ACTIVITY:
Once you have found the line with "Boho Anemones Plates" in the records below, retype it and every line after it to the end exactly, with no pictures and nothing more.

SUPPLIED RECORDS:
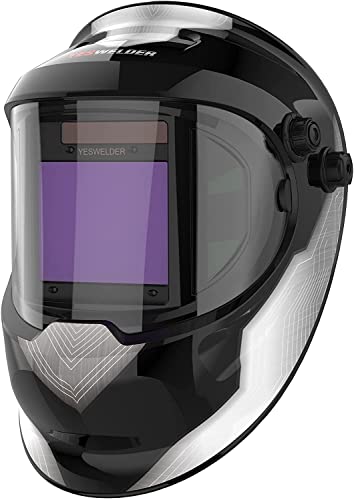 YESWELDER Pasta de soldar automática 1/1/1/1 vista grande cor verdadeira acionada por energia solar, máscara de soldar automática com vista lateral, 4 sensores de sombra 4/5-9/9-13 para TIG MIG ARC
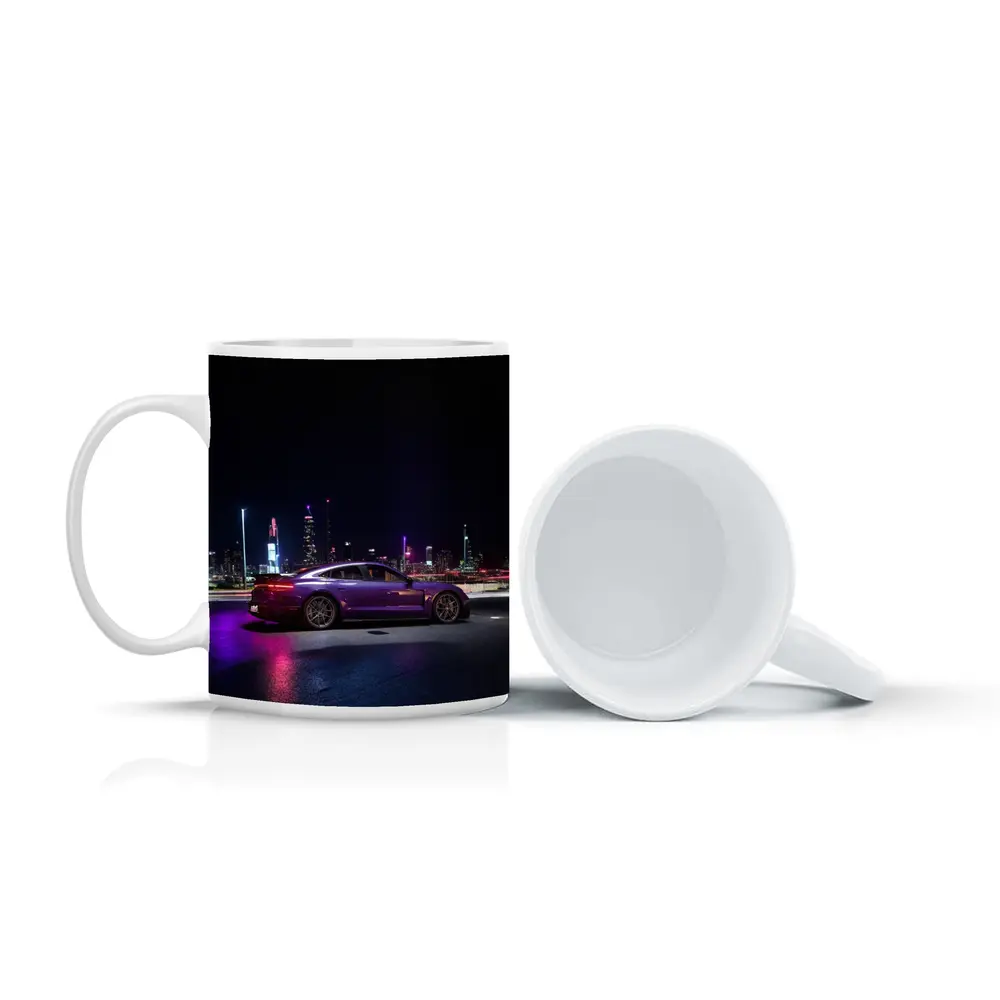 Porsche Taycan Purple Night City Skyline – Mugs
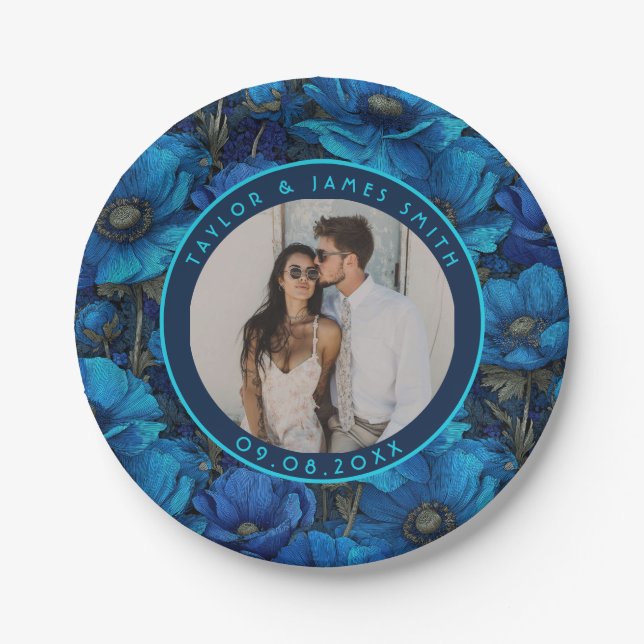 Boho Anemones Plates For Engagement Party (Front)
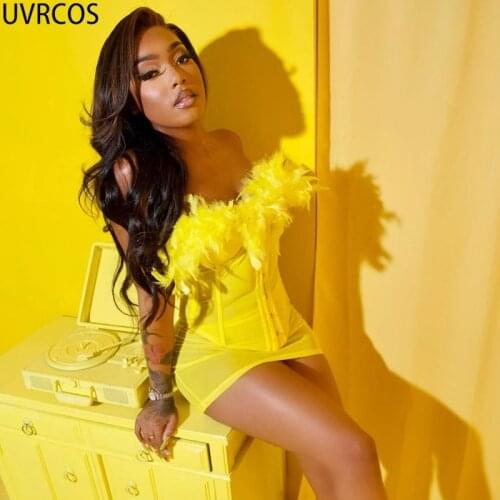 UVRCOS Bodycon Mini Dress Sexy Club Wear Feathers Mesh Patchwork Sleeveless Strapless New Design Bar Party Hot Cyber Y2k Dresses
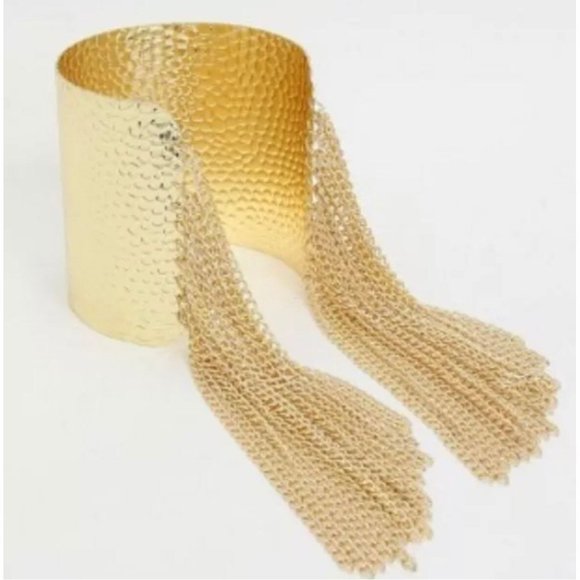 Statement gold cuff fringe bracelet wide armor costume chunky big wedding - Picture 3 of 9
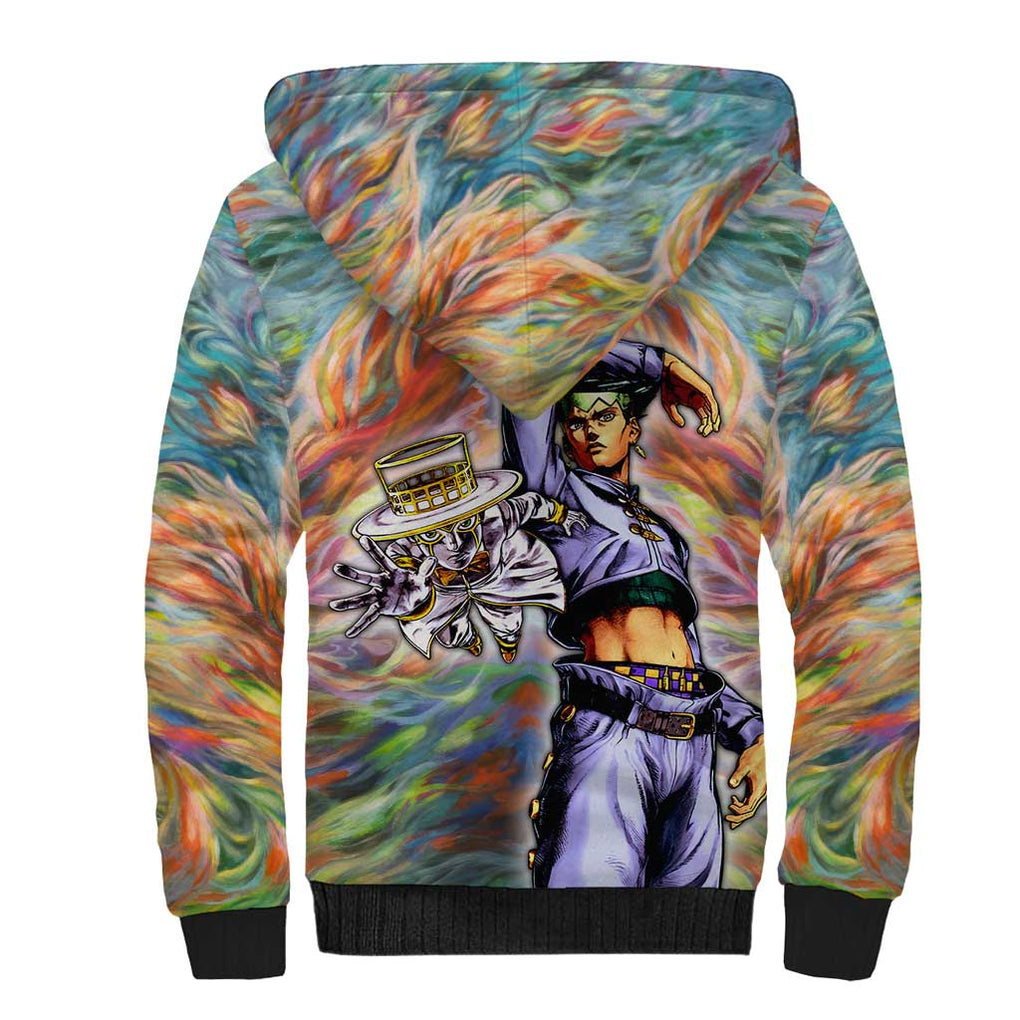 Trippy Rohan Kishibe Heaven’s Door Jojo’s Bizarre Sherpa Hoodie Trippy Style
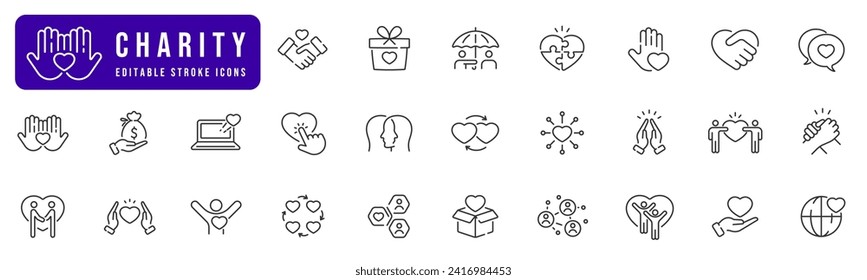 Charity line icon set. Friendship, love, care, donate, heart, aid etc. Editable stroke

WRITTEN ANSWER:
 Boho Anemones Plates For Engagement Party (Front)
 UVRCOS Bodycon Mini Dress Sexy Club Wear Feathers Mesh Patchwork Sleeveless Strapless New Design Bar Party Hot Cyber Y2k Dresses
 Statement gold cuff fringe bracelet wide armor costume chunky big wedding - Picture 3 of 9
 Trippy Rohan Kishibe Heaven’s Door Jojo’s Bizarre Sherpa Hoodie Trippy Style
 Charity line icon set. Friendship, love, care, donate, heart, aid etc. Editable stroke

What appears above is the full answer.